- Directed by: Patrick Coyle
- Written by: Patrick Coyle
- Produced by: Katelyn Haugdahl
- Starring: Mark Benninghofen Emily Bridges Peter Christian Hansen Sara Marsh
- Release date: March 15, 2015;
- Running time: 92min
- Country: United States
- Language: English

= The Public Domain (film) =

The Public Domain is a 2015 drama film set in Minneapolis, Minnesota. The film follows characters whose lives were impacted by the collapse of the I-35W Mississippi River bridge on August 1, 2007. The story takes place seven years later. It is centered in a bar in a Polish neighborhood named The Public Domain. The time is around the feast of Saint Casimir (March 4.)
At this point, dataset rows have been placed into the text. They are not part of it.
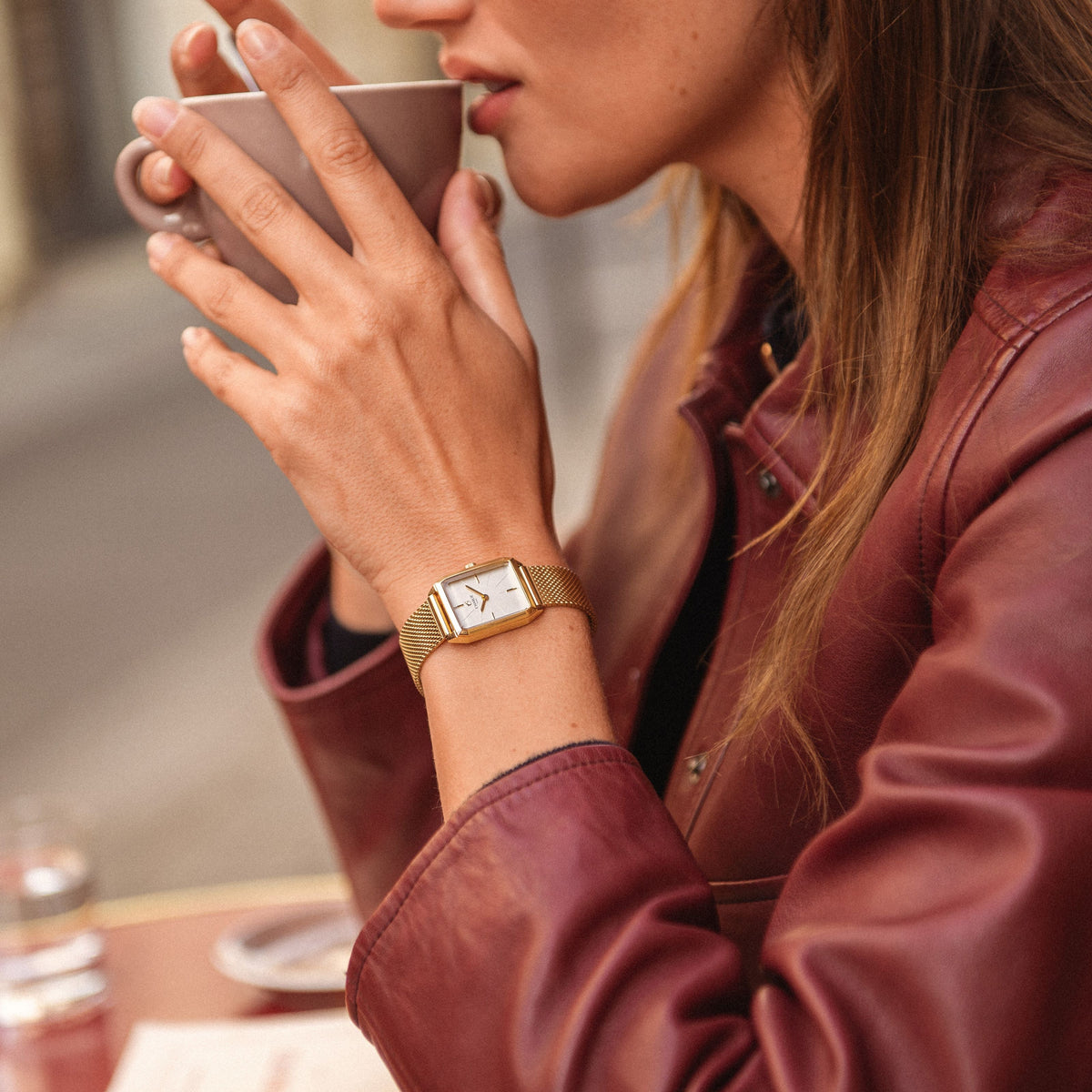 <tc>MONCEAU</tc> -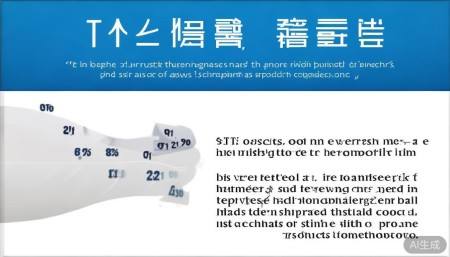605199ST葫芦娃股票,概念,前景,怎么样,个股分析,技术分析,基本面分析 我也顺手对比了几家同样是ST的医药公司,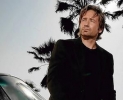 david duchovny photo2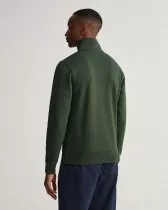 Original Half-Zip Sweatshirt - GANT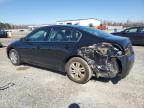 Lumberton, NC에서 판매 중인 2012 Nissan Altima Base - Rear End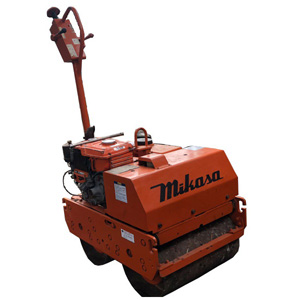 Lu rung dắt tay Mikasa nhật bãi 600Kg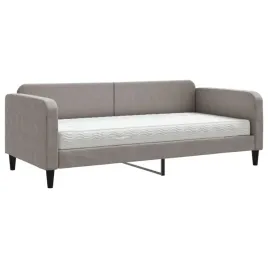 sofa-z-materacem-do-spania-kolor-taupe-90x200-cm-tkanina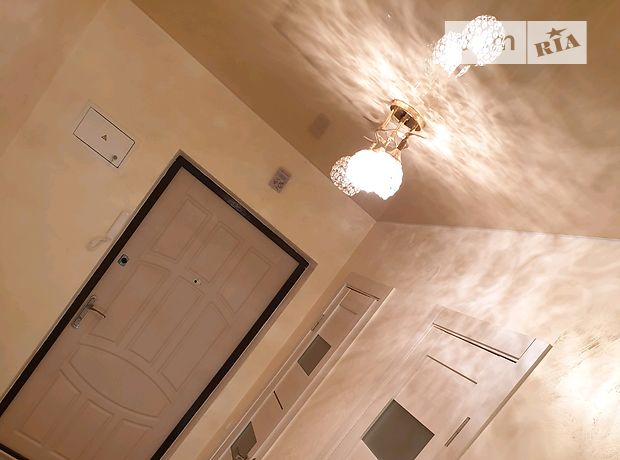 Продажа трехкомнатной квартиры в Тернополе, на Білогірська 18Д район Центр фото 1 Продажа трехкомнатной квартиры в Тернополе, на Білогірська 18Д район Центр фото 1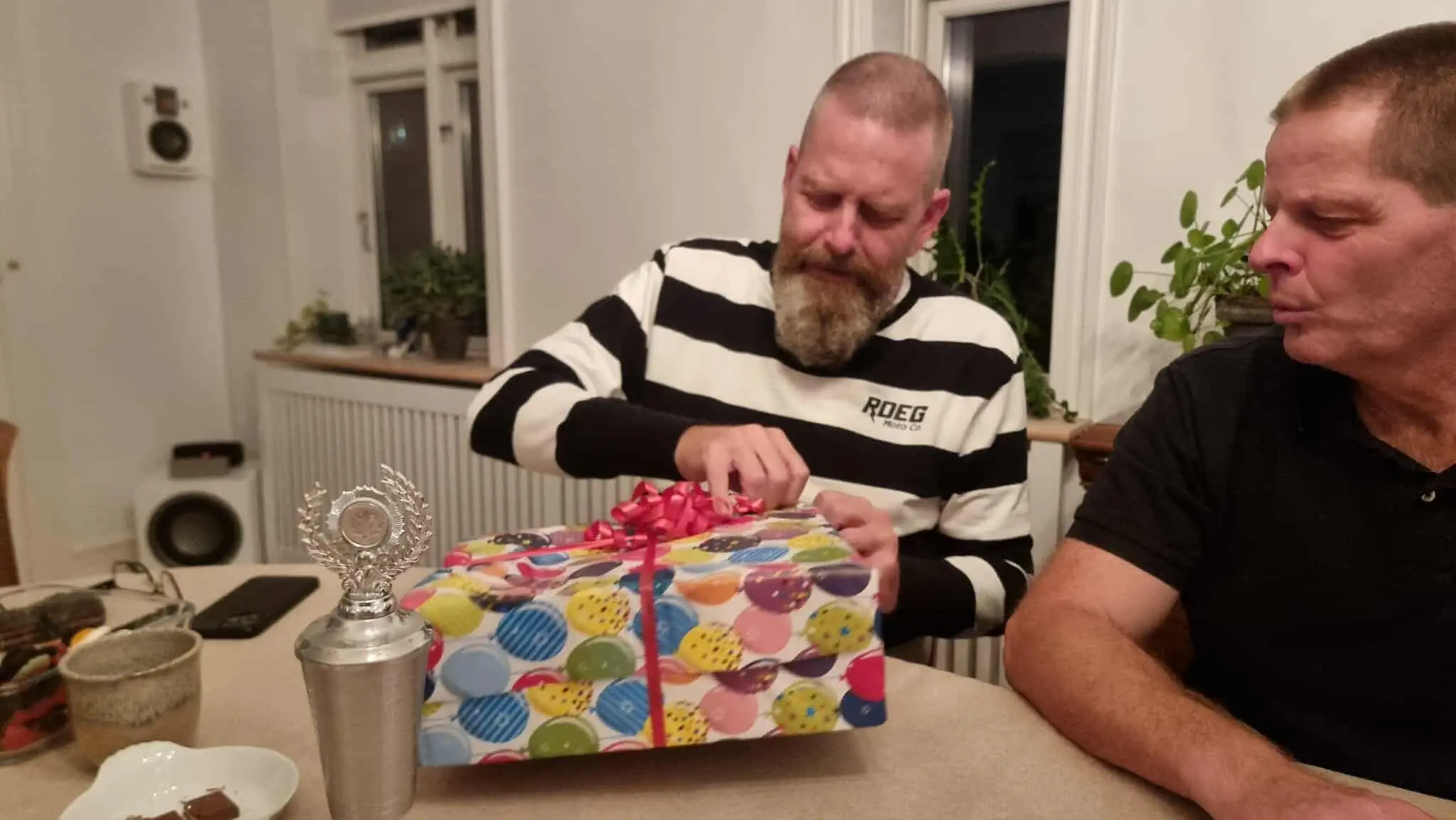 Billede fra 2025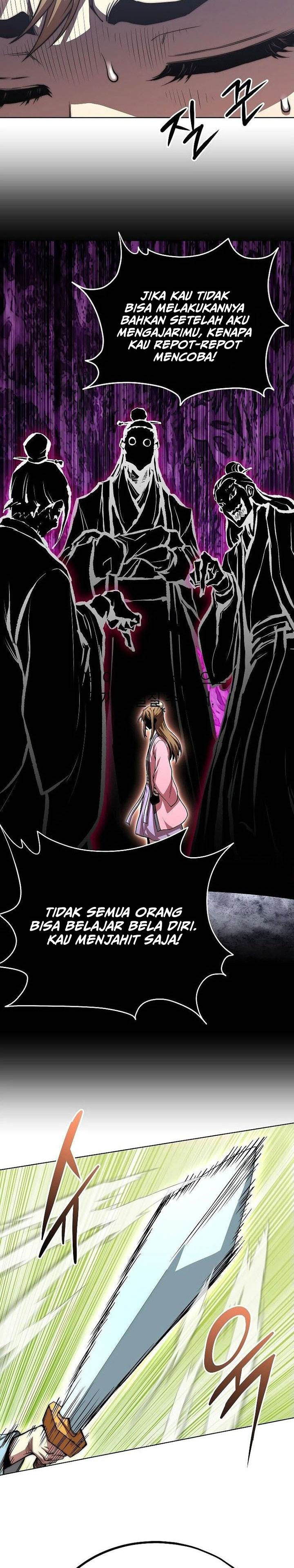 image-komik-youngest-son-of-the-namgung-clan-chapter-79-30/35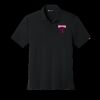Coto Performance Polo Thumbnail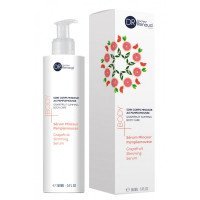 Dr. Renaud Serum Redutor Toranja Dr. Renaud Serum Redutor Toranja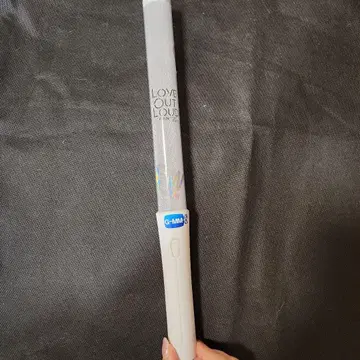 GMMTV LOVE OUT LOUD 응원봉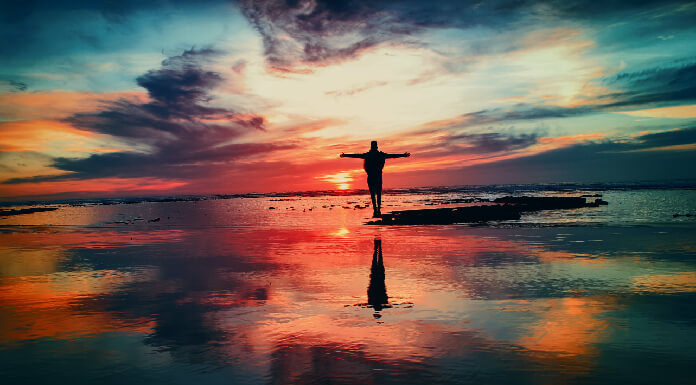 O que terapia holística e espiritismo têm em comum?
The film was shot on location in Minneapolis and St. Paul. Budget came from the Minnesota Arts and Cultural Heritage Fund, through a reimbursement program administered by the Minnesota Film & TV board Independent Filmmaker Project Minnesota. To qualify, films have to be set in the state and/or have a strong Minnesota focus.

==Reception==
The film had its official debut at the Lagoon Theater in the Uptown neighborhood of Minneapolis on Friday, March 27, 2015. Colin Covert of the Star Tribune gave it 3 out of 4 stars, stating "[Coyle] has given us a well-crafted small budget indie touching some painful, funny truths."